Vous l’aurez compris mais sans mauvais jeu de mot : Comme des rats morts n’est clairement pas cam’.

« Mon visage se reflète dans la vitre. Non, c’est pas moi. Je veux pas que ce soit moi, ce type me fout les jetons, même s’il sourit. Il est trop vieux ou trop jeune, j’arrive pas à me décider, il me reluque avec un sourire grimaçant mais moi, je grimace pas. Puis il se transforme en un crâne luisant, en une énorme tête de mort grimaçante, alors je détourne les yeux et je fixe mon regard sur le siège de devant. »

~ p 10-11

« Il y a plein de chaînes éducatives sur le câble. En ce moment, la mode est aux requins.
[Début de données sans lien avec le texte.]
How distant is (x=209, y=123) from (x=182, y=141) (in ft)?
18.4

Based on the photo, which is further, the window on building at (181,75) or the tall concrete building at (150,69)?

En attendant qu’ils soient tous exterminés. Les requins. L’autre jour, un commentateur à la voix de velours expliquait que le requin est un poisson cartilagineux qui respire seulement quand il nage parce qu’il a pas de branchies, il doit donc bouger tout le temps. S’il s’arrête, il crève. Si on lui coupe les nageoires, il coule et quand il touche le fond, il se noie. Les requins me rappellent toujours mon père. Il s’arrête jamais, lui non plus. »

~ p 41


« Disons que le porno a la cote en ce moment. N’importe lequel de mes potes peut citer de tête dix stars de porno primées aux AVN Awards dans la catégorie double pénétration anale, mais quant à connaître les noms des treize martyrs d’Arad, il y a que Kossuth ou Széchenyi* qui leur reviennent. »

~ p 109-110

« Il a du pot qu’il y ait pas de contrôle antidopage aux compètes juniors. Ils disent que ça coûte trop cher, mais c’est surtout que personne a le temps ni l’envie de s’amuser avec des gosses. On les laisse se gaver de toutes sortes de saloperies, et quand ils seront grands, ils se feront choper par l’AMA. Ils seront renvoyés des camps d’entraînement ou disqualifiés dans une compète internationale et interdits de bassin pendant quelques mois. Tant que t’es junior, tu prends ce que tu veux ou ce que tu peux te payer, ou encore ce que ton entraîneur te procure. Personne se demande comment on devient champion national à seize ans. »

~ p 133-134

« De toute façon, les adultes en ont rien à foutre de ce qu’on leur dit. Ça les arrange de croire ce qu’on leur raconte. »

~ p 141-142

« Je m’occupe plus des autres. Ils espèrent peut-être que je vais m’épuiser, que j’aurai une crampe, que je tiendrai pas le rythme, mais à la moitié de la distance, j’accélère encore. Je ressens pas la fatigue, le fait que mes membres se figent tout doucement et que mes poumons me brûlent ne me dérange pas non plus, j’allonge encore mes mouvements, je m’accroche à l’eau pour me tirer vers l’avant. Je laisse mon corps me porter. Je suis un requin. »

~ p 179-180

 

Comme des rats morts de Benedek Totth aux Editions Actes Sud, 255 pages, 21€80.


* Les treize martyrs d’Arad sont des généraux exécutés en 1849 à la suite de la révolution de 1848. Ni Kossuth ni Széchenyi n’en font partie.